"Well, you'll just have to put your foot down and tell him he's not a lap dog!"
Express their creative personality with t-shirts that showcase their chair space negotiation skills. Fun, witty, and uniquely theirs, these shirts are perfect for everyday wear or casual outings.
"Well, you'll just have to put your foot down and tell him he's not a lap dog!"
'I went into that meeting with a hidden agenda and then forgot where I put it.'
'Anyone who opposes the plan I'm about to propose please signify by saying 'I resign.''
'I hate bloody football! It's just a bunch of over-rated, overpaid nancy boys kicking a b-' - 'Genuine football fans may leave work early to avoid missing the start of important World Cup fixtures.' - 'C'mon England!'
"Honey, come quick! This guy in the comments section just solved the Middle East crisis."
'So we're agreed: we'll go to mediation.'
'He's trying to talk them into giving themselves up!'
'War protestor': 'Oh no! Not this again...'
'Dad, I don't need a two-thirds majority to over-ride your veto. I've got mom.'
'In conclusion; our major contract expires tomorrow, we have no idea what we want, and no knowledge of the market, It is time to pass this across to the Procurement Team...'
Bob liked getting involved - but not actively involved.
'It must be a risky proposal... legal is running it by their lawyers.'
"I got it from eBay."
Campaign 2016
'Would you care to hold until Mr. Jyles is better adjusted.'
"What happened to the good old days when people just breached contracts?'
'I can grant you 3 wishes as long as none of them are about getting up on the furniture.'
'I understand yours is a highly coveted position in this company.'
"Who do we talk to about buying your planet?"
"I'm starting to wish we'd never bought him that thing."
"Could you please refer to this as a merger rather than being in cahoots?"
"Why do you put up with such abuse?!"
Sport and Politics section of the newspaper exploding.

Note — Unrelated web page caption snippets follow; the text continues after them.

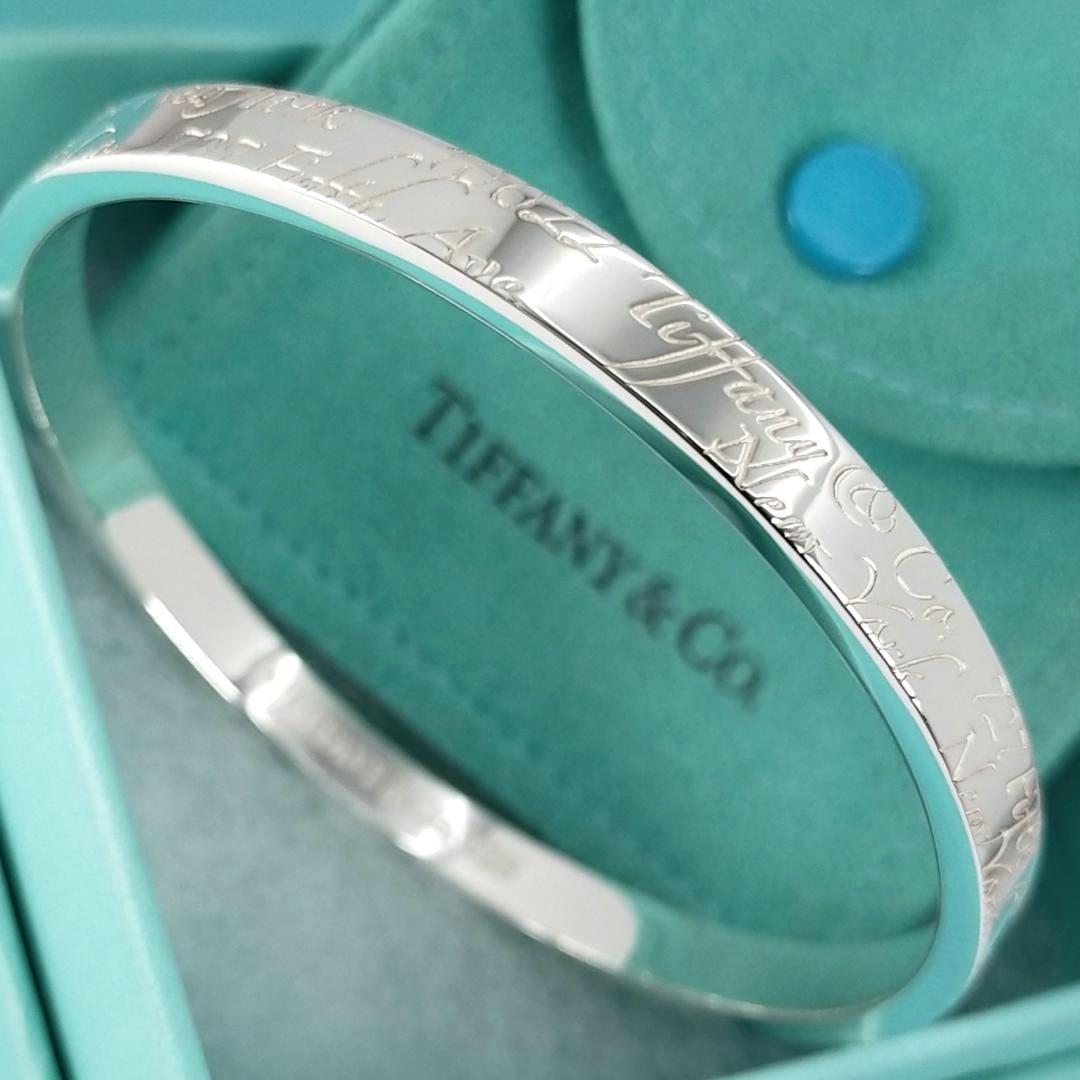 ★GWセール★【TIFFANY&Co.】ニューヨークノーツ　バングル　1667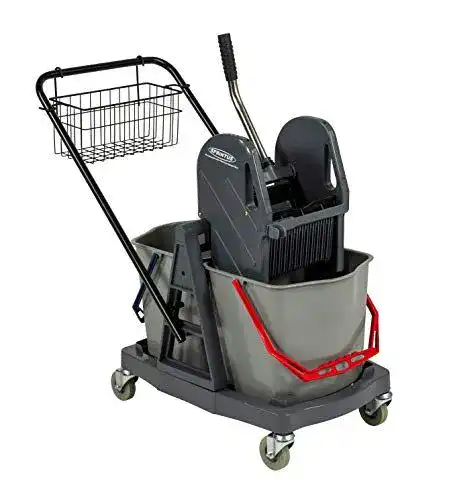 Reinigungswagen Sprintus 301001 mit Doppelfahreimer 2 x 17 Liter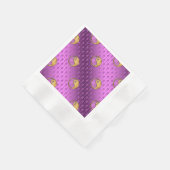 Jahr des Brandrosters Serviette (Ecke)
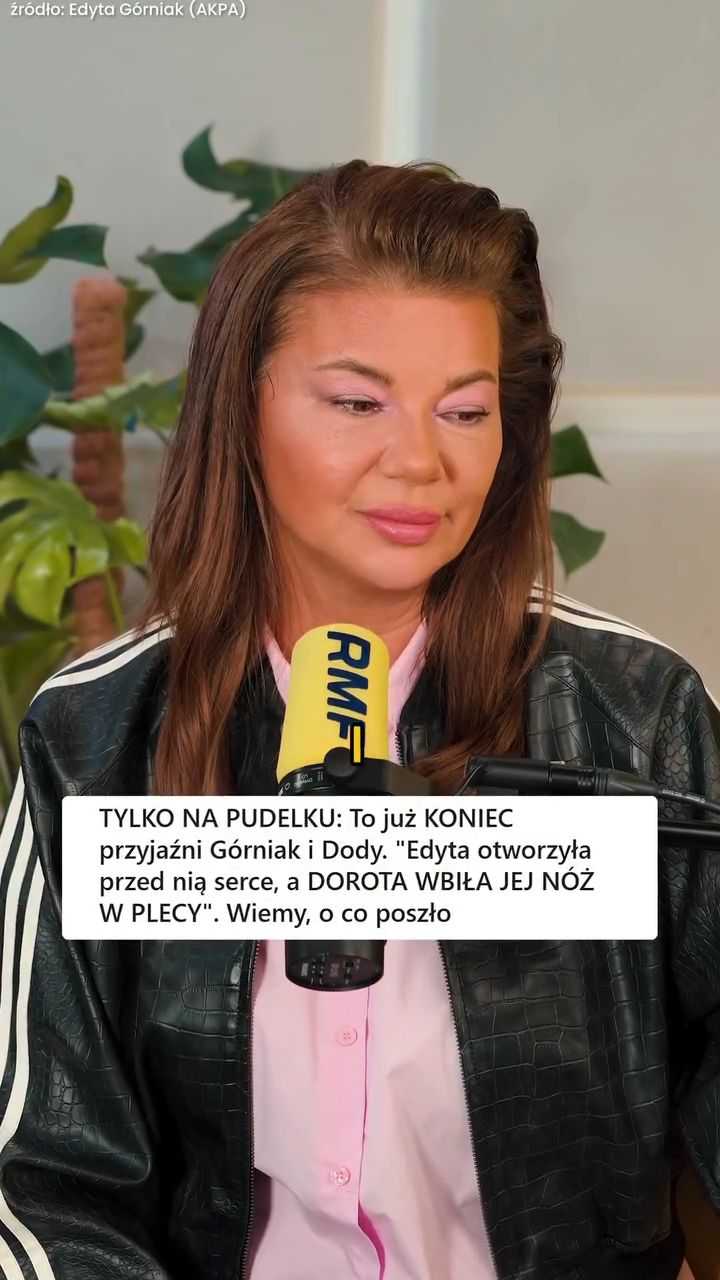 Edyta Górniak w wywiadzie dla RMF FM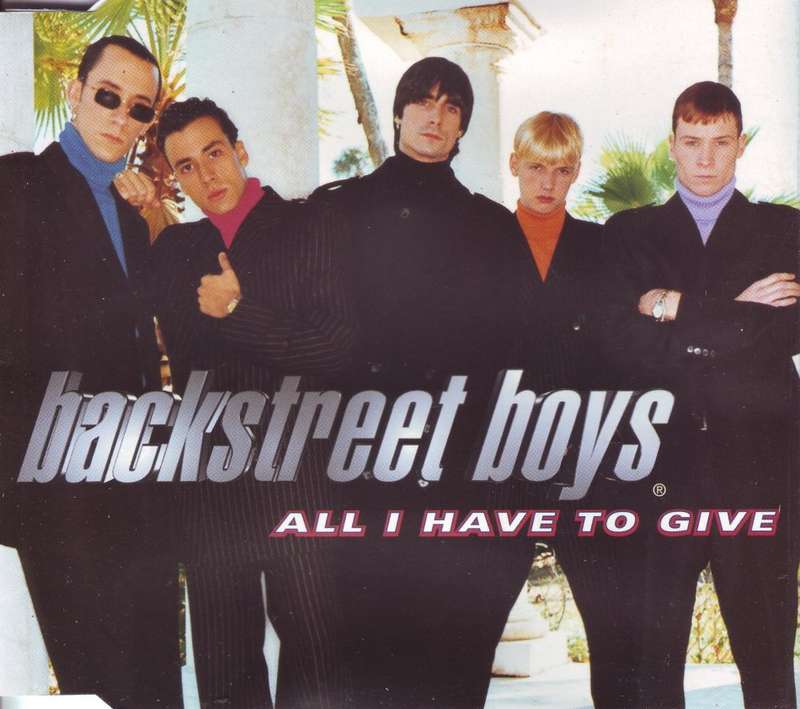 BACKSTREET BOYS - All I Have To Give (CD single) CDHIPS (WS) 9054 VG+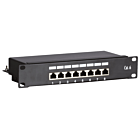 Panneau de brassage de 10 pouces FTP CAT6 - 8 ports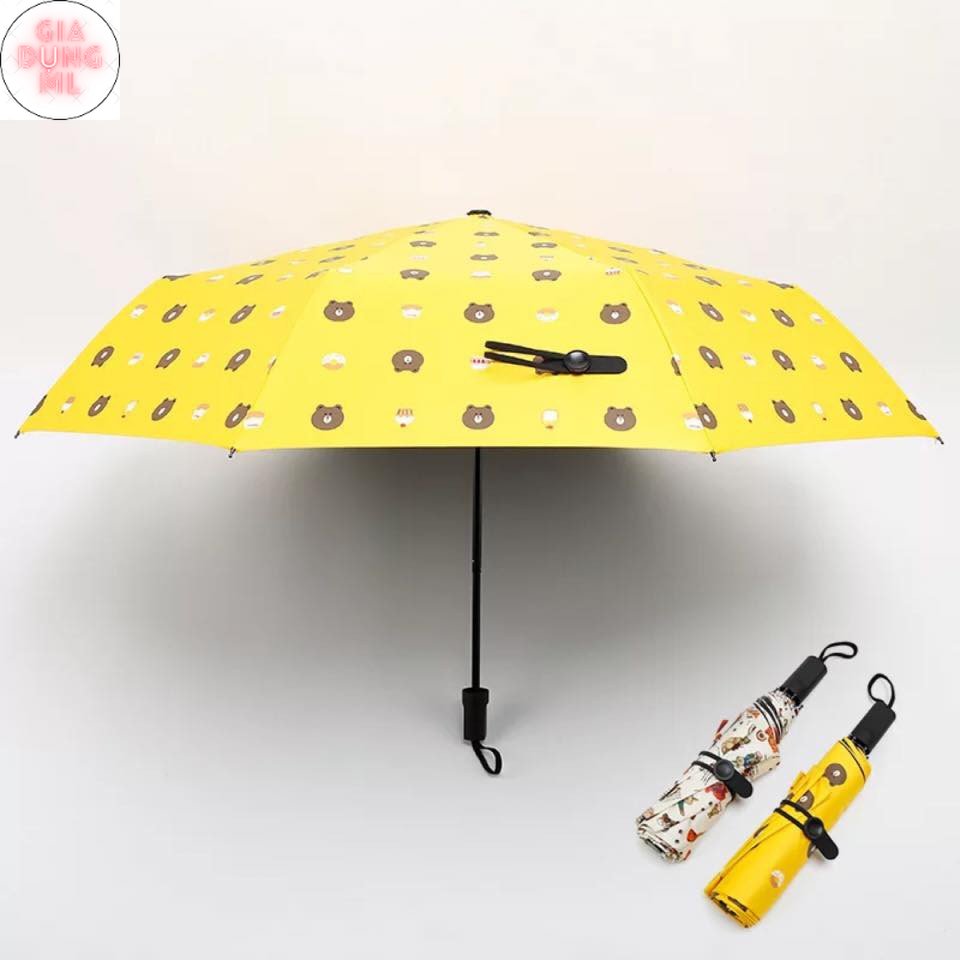 Ô gấp gọn bỏ túi hình gấu bền đẹp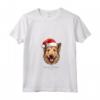 Berger Picard - Divertente Maglietta Natalizia con Babbo Natale - Regalo Perfetto per Amanti dei Cani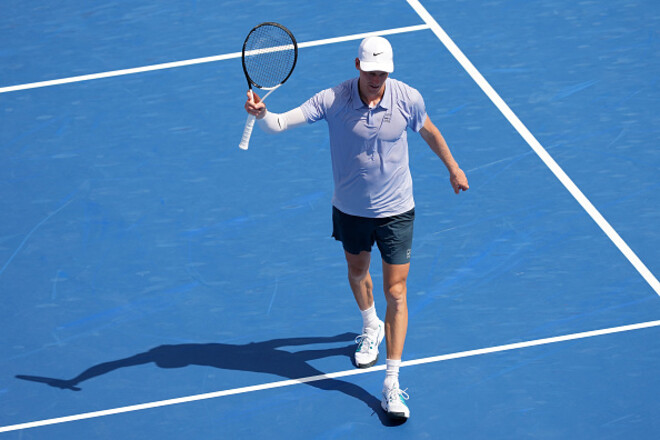 Перший матч після Вімблдона: Сіннер з розгрому стартував у Цинциннаті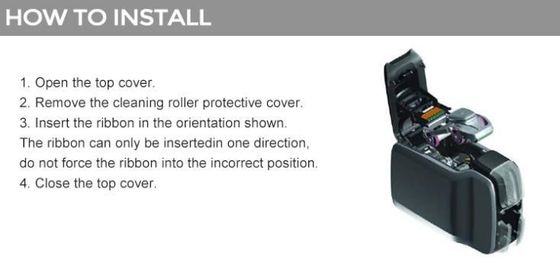 Compatible Black Ribbon for Zebra ZC100 ZC150 ZC300 ZC350 Card Printer 800300-301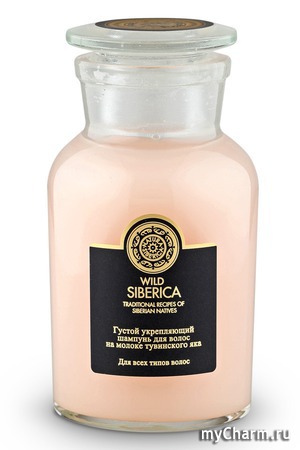 Natura Siberica / Wild Siberica Густой укрепляющий шампунь для волос на молоке тувинского яка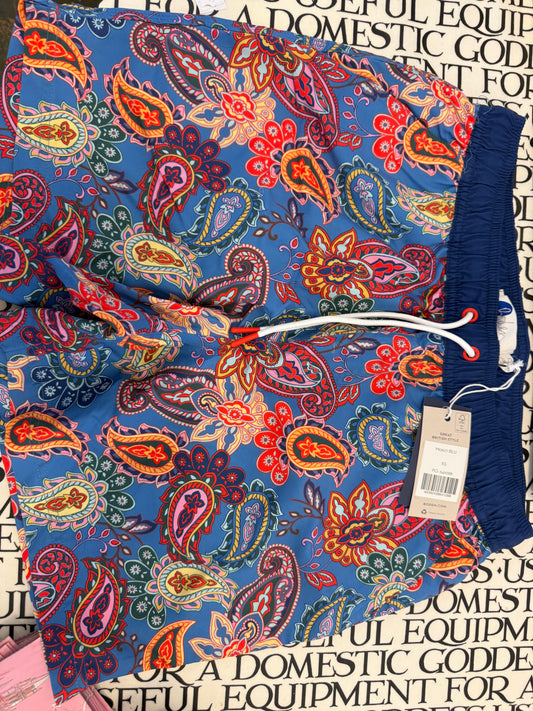 Boden Mens Multi Swim Shorts XS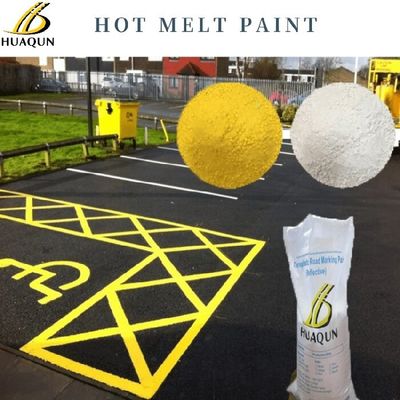 Kopen Hoge reflectieve prestaties thermoplastische wegmarkering verf geel en wit of op maat online vervaardiging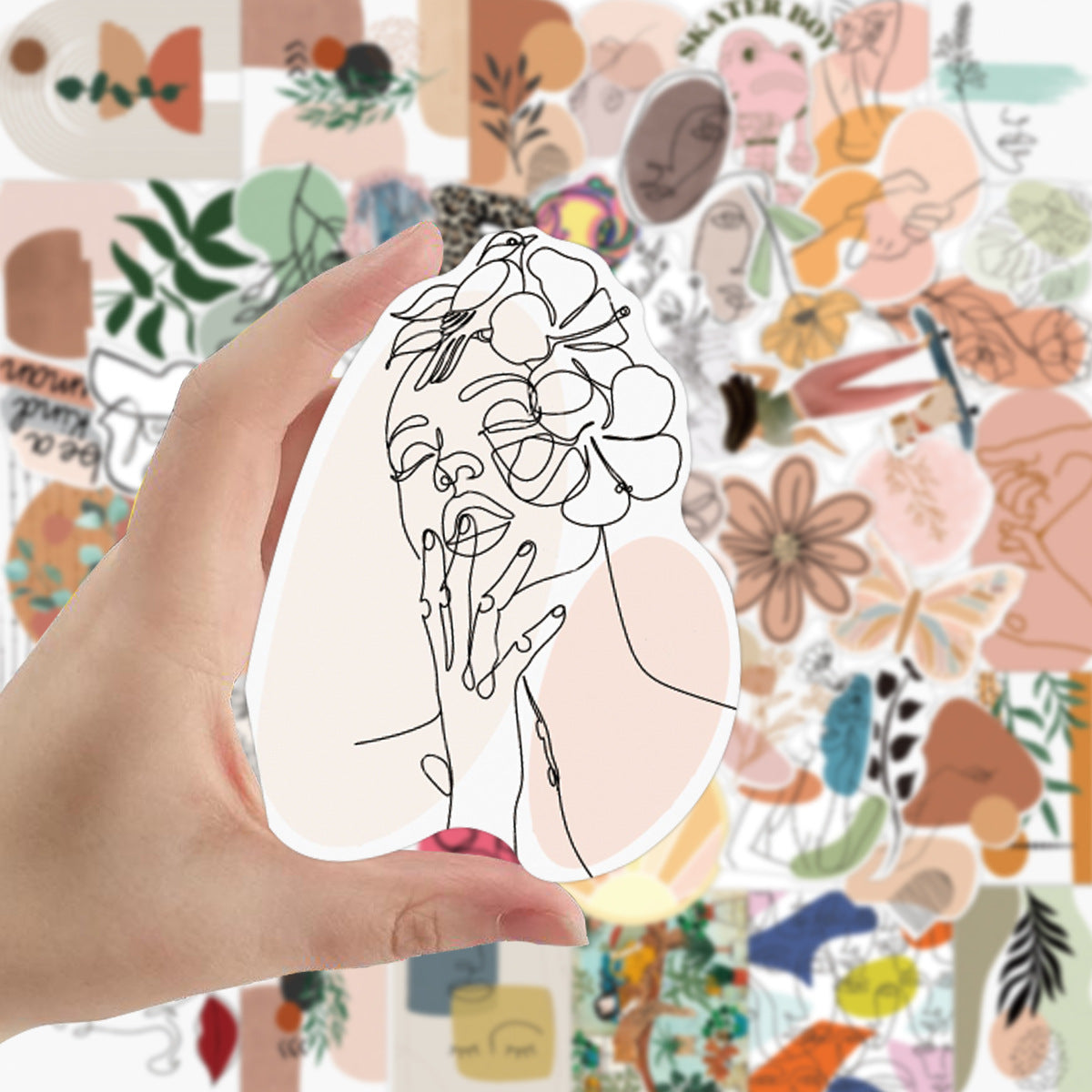 50PCS Vintage Aesthetic Art Drawing Doodle Stickers#S3578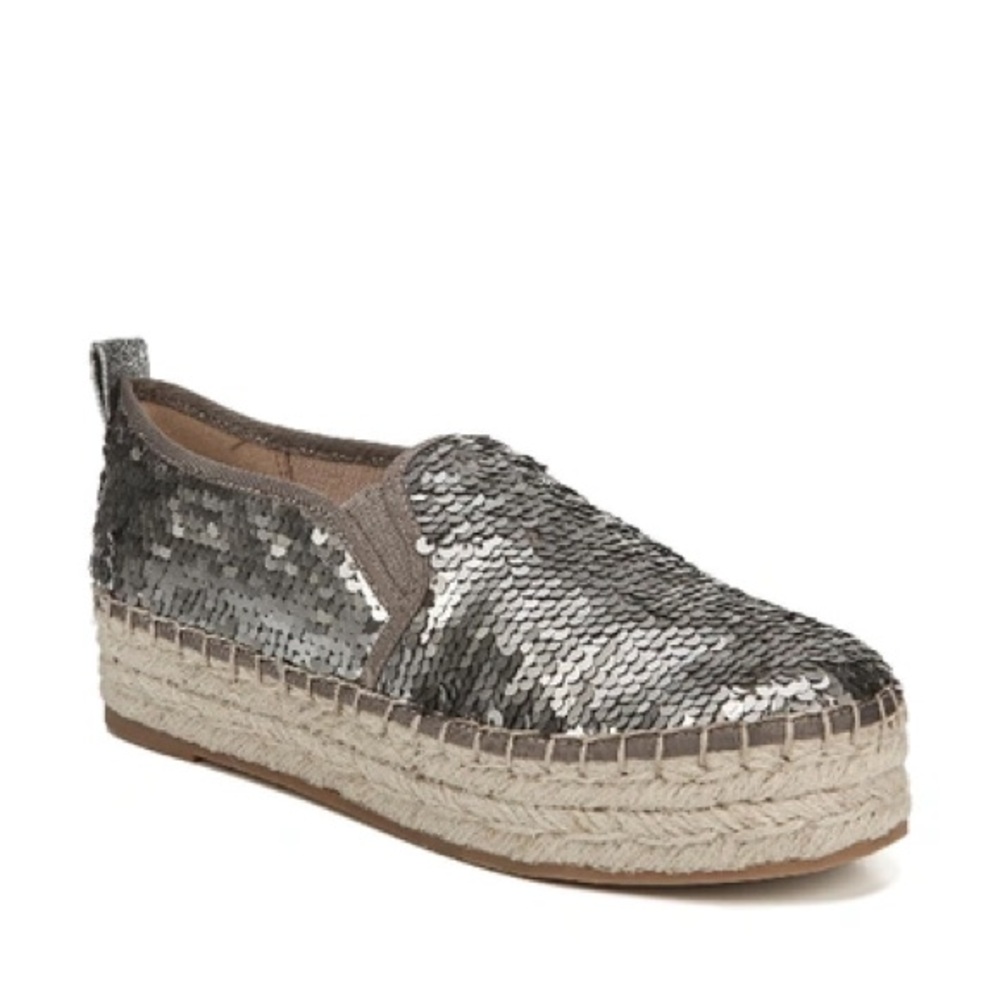 Sam Edelman Women's Carrin Platform Sequins Espadrilles Sneaker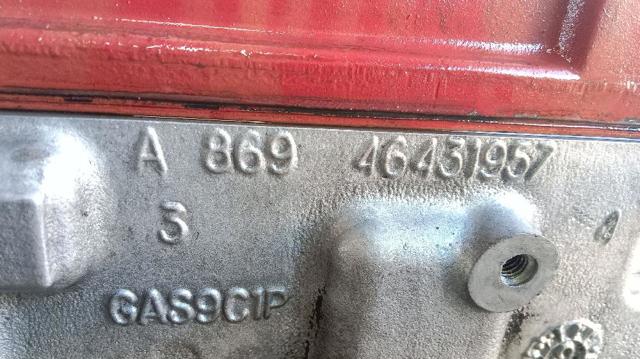 Cabeça de motor (CBC) Alfa Romeo 147 937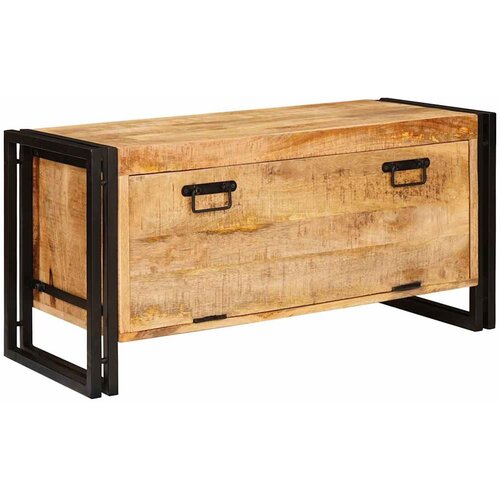 vidaXL Ormar za cipele Smeđa 90 x 38 x 45 cm masivno drvo manga Cene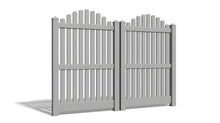 6' Tall x 8' Wide Double Drive Swing Vinyl Gate For Vinyl Fences (AFC-012)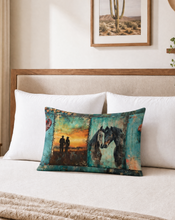 Load image into Gallery viewer, Baha Ranch Turquoise Dreams Pillow Case Made in America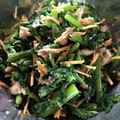ぽんちゃんごはんだよ's cooksnap of when they made 春菊の中華炒め.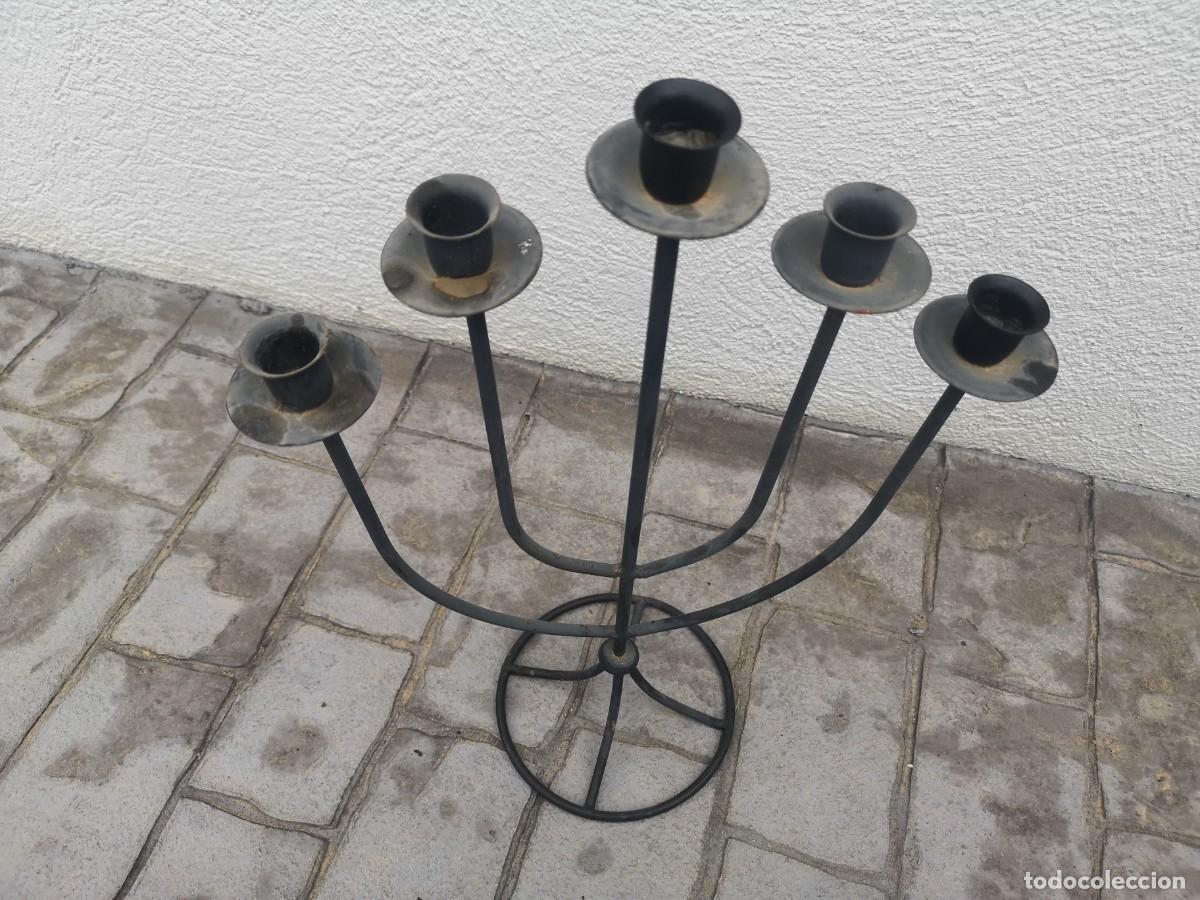 Vintage: Candelabro de lat&oacute;n - Foto 3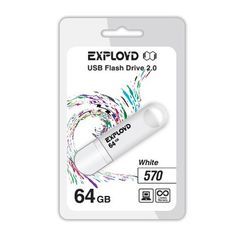 USB Flash Drive 64Gb - Exployd 570 EX-64GB-570-White (394755)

'YOU'RE the hostile - takeover group!?'
Big Deal/Done Deal.
"I wanted to give Christmas bonuses but that would violate the separation of church and business."
"Is there room for me?"
'Our lawyer insists on it as part of our due diligence provision.'
'Sorry...I don't deal with lease issues.'
Bedtime Real Estate Distribution (for dog owners)
"I appreciate you keeping up with the vernacular of the times, but please refrain from referring to the billion-dollar restructuring as 'The Dealio'."
"No, no. The contract I signed was of the non-binding kind."
"Damn! Trust me to get a seat behind the umpire!"
'This bathroom ain't big enough for the both of us.'
'It's just a scratch. I can still handle dessert.'
Explore our collection of mugs for the chair space negotiator—perfect for adding humor and personality to their morning routine.
Discover pillows that bring humor and creativity to their home or office decor—ideal for the chair space negotiator.
Browse our prints that make a bold statement about personal space and creativity—great for decorating their favorite space.